PROVIDED INFORMATION.
________________________________________
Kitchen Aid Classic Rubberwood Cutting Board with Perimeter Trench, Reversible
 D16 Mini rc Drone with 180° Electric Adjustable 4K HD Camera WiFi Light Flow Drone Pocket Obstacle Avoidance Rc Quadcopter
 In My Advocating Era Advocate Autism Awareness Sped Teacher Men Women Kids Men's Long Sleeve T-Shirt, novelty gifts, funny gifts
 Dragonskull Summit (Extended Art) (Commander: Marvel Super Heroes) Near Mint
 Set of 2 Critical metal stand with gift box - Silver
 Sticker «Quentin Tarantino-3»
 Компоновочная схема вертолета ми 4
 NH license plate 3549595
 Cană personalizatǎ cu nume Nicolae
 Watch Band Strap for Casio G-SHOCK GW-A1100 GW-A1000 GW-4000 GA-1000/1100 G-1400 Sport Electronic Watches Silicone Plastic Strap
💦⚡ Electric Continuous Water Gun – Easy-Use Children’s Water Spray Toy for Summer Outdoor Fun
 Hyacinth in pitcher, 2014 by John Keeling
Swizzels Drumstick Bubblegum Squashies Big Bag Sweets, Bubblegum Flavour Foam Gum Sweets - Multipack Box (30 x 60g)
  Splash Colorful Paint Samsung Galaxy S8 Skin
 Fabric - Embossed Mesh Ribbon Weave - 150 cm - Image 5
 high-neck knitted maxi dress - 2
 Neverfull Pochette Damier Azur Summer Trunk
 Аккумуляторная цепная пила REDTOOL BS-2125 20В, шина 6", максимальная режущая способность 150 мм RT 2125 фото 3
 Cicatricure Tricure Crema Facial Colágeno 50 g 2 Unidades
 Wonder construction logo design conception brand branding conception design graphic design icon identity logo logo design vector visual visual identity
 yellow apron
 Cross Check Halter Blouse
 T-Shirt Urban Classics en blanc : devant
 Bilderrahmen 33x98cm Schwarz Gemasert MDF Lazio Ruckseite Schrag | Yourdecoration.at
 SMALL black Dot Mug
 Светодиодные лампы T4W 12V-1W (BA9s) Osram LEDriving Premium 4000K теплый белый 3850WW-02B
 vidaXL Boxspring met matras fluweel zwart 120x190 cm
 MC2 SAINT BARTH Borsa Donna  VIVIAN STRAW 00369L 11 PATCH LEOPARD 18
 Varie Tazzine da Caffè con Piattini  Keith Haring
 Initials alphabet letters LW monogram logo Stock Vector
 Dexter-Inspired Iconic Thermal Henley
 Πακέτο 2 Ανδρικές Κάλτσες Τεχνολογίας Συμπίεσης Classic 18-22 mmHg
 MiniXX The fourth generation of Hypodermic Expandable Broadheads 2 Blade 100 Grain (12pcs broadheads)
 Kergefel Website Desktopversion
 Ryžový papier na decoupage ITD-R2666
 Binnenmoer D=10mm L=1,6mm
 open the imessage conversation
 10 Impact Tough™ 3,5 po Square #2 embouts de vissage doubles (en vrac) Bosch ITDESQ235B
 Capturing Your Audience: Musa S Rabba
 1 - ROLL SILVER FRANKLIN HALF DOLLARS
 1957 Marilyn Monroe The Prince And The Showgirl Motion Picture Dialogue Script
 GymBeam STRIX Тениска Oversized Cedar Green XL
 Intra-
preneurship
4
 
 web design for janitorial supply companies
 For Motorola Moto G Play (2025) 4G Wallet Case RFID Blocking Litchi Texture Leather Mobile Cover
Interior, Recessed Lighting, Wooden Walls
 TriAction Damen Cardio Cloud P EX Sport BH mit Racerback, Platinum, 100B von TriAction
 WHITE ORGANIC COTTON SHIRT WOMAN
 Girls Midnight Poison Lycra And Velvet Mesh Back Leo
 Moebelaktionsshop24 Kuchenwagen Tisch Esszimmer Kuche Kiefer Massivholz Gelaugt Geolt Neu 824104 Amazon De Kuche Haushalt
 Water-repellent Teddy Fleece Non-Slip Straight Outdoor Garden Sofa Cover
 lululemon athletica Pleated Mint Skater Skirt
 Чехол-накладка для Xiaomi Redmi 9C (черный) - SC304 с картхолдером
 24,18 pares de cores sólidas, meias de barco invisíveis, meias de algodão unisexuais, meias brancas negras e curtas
________________________________________
THE TASK.
Copy back the listing above exactly, but only from the line with "Kergefel Website Desktopversion" through the line with "Capturing Your Audience: Musa S Rabba", both ends included.

RESPONSE.
 Kergefel Website Desktopversion
 Ryžový papier na decoupage ITD-R2666
 Binnenmoer D=10mm L=1,6mm
 open the imessage conversation
 10 Impact Tough™ 3,5 po Square #2 embouts de vissage doubles (en vrac) Bosch ITDESQ235B
 Capturing Your Audience: Musa S Rabba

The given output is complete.